___ DATA FOR THIS TASK

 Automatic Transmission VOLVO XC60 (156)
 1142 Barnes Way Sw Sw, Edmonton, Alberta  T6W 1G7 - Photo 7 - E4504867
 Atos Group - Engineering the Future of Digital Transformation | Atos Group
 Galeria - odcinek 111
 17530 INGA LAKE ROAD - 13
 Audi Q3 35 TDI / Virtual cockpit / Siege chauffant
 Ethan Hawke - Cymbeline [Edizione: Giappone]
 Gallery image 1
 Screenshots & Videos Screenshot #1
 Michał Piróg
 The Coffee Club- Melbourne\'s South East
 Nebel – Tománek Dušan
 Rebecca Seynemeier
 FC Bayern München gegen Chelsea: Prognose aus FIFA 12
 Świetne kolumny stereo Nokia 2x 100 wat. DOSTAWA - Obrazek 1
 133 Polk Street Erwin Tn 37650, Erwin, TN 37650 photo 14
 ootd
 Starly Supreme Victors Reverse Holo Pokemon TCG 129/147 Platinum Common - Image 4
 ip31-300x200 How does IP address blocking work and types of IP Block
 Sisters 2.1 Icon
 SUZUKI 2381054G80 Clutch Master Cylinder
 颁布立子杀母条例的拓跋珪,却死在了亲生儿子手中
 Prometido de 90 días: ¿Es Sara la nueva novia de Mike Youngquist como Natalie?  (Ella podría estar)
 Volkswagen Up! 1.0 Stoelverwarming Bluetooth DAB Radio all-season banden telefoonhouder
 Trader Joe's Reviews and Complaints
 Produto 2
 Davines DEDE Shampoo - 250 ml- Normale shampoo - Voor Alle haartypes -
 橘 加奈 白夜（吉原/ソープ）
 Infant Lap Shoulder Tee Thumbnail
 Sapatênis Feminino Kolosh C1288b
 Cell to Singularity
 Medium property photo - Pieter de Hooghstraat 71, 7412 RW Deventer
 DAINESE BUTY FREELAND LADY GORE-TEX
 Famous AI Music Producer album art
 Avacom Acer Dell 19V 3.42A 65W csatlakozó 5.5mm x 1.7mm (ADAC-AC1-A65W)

______

WHAT THIS TASK INVOLVES ::
Please give back exactly the lines of this listing beginning at the line with "Michał Piróg" and ending with the line with "Świetne kolumny stereo", both included, and nothing else.

WRITTEN SOLUTION ::
 Michał Piróg
 The Coffee Club- Melbourne\'s South East
 Nebel – Tománek Dušan
 Rebecca Seynemeier
 FC Bayern München gegen Chelsea: Prognose aus FIFA 12
 Świetne kolumny stereo Nokia 2x 100 wat. DOSTAWA - Obrazek 1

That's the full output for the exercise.